Всадники спешились и кинулись врассыпную.
— Показывай своё логово, старик! — Сафар-бей бросил поводья джуре и направился к дверям.
Они вошли в хижину.
Перепуганная Златка, закрыв голову и плечи тонкой черной накидкой, стояла посреди комнаты. Якуб сидел за столом.

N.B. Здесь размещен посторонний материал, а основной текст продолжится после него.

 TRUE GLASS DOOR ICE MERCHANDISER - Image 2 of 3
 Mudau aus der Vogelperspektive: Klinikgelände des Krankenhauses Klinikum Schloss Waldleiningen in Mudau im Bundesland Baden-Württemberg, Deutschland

Сафар-бей подозрительно взглянул на них:
— Гайдутины?
— Нет, я купец, ага. А это моя дочка Адике, — сказал Якуб.
Сафар-бей обернулся к Момчилу:
— Почему не сказал о них? Скрываешь неизвестных?
— Разве не видишь, ага, — это ваши люди. Из Трапе-зунда. Их корабль разбился… Я спас их, — ответил старик.
— Ну, мы в этом разберёмся потом, когда прибудем в Загору, — отмахнулся Сафар-бей и схватил Златку за руку. — А ну-ка открой лицо, пташка! Может, ты с усами и с бородой?
Златка отшатнулась. Но Сафар-бей успел сорвать с неё накидку. Девушка вскрикнула, но не отвернулась и не закрыла лица руками, как сделала бы на её месте любая молодая турчанка, лишь гневно посмотрела на агу.
Сафар-бей отпустил её руку. Он был поражён необычайной красотой девушки. Воины, набившиеся в хижину, тоже с любопытством разглядывали её.
— О аллах, какая неземная красота! — воскликнул Сафар-бей. — Я беру свои слова назад, джаным! Ибо вряд ли среди гайдутинок найдётся хотя бы одна такая красавица. Все они так грубы, эти неотёсанные горянки, с потрескавшимися от работы руками, с грязными, растрёпанными косами…
Златка покраснела. На глазах у неё выступили слезы. Кулачки её сжимались, — казалось, она вот-вот бросится с ними на агу. Но в это время её заслонил Якуб.